Cette nuit-là et au cours de beaucoup d’autres qui suivirent, aucun cauchemar n’avait cherché à s’infiltrer au cœur de ses plans élaborés avec finesse dans ses rêves afin de trouver une fin heureuse à ces deux personnages. Cette échappatoire qu’offrait la boîte à musique, Claire l’avait accueillie avec la reconnaissance des enfants, et s’en était également servie après les évènements qui ébranlèrent sa famille, en souvenir d’une période moins agitée. Mais cela faisait bien longtemps que la magie n’opérait plus, malgré tous ses efforts pour y croire.
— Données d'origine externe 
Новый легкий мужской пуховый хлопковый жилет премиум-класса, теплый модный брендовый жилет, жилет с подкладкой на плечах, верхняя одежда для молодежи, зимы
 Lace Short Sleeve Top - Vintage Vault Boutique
À présent, le même cauchemar d’enfance revenait hanter ses nuits encore et encore sans relâche et martelait son crâne des jours durant avec la force d’un rouleau compresseur. L’année touchait à sa fin, l’examen du brevet avait lieu dans moins d’un mois mais Claire était déjà au bout du rouleau. Elle ne parvenait plus à donner le change, sa fameuse carte de l’excentricité : la voilà redevenue l’éternelle petite fille craintive d’antan, le petit lutin de papa, l’oiseau rare de Maman, la sweetie de tous ; celle qui tremblait de peur à la nuit tombée et qui ne pouvait rien affronter seule sans un peu-beaucoup d’aide. Limite si elle devait se retenir pour ne pas courir se précipiter dans la chambre de Bastien à la moindre de ses angoisses (c’est-à-dire tout le temps en fait). Il ne lui restait plus qu’à se rejouer la même mélodie en boucle, tout en essayant de repousser la tragédie qui se cachait en toile de fond dans les coulisses.

Bastien était parfois long à la détente mais il pouvait parfois se montrer étonnamment empathique. Il apparut un soir à la porte de sa chambre alors qu’elle se morfondait une fois encore, le jeu du Lynx dans les mains.

— Je me suis dit que tu avais peut-être besoin de m’écraser une nouvelle fois.

Elle concentra toute son attention sur sa couette qu’elle agrippa avec violence pour empêcher sa lèvre inférieure de trembler. Ses joues étaient brûlantes et sa gorge l’étouffait de nouveau tandis qu’elle s’efforçait de retenir ses larmes. Bastien vint s’asseoir à côté d’elle et s’empara de la boîte à musique qui reposait sur ses genoux pour la reposer sur sa cheminée, de loin le plus bel ornement de cette chambre, « une chambre de princesse », avait décrété son père en l’attribuant à la benjamine de la famille.

— Tu devrais ralentir sur cette musique, tu vas finir par me filer le bourdon à moi aussi. Et encore heureux que tu ne la fasses fonctionner que le soir, cela aurait rendu Maman folle autrement.

— Je ne suis même pas sûre qu’elle s’en apercevrait, renifla-t-elle.

— Détrompe-toi, elle est plus lucide qu’elle ne le fait croire à mon avis.

Cette remarque amère était loin d’être drôle et pourtant Claire ne put s’empêcher de rire tellement l’idée lui paraissait loufoque.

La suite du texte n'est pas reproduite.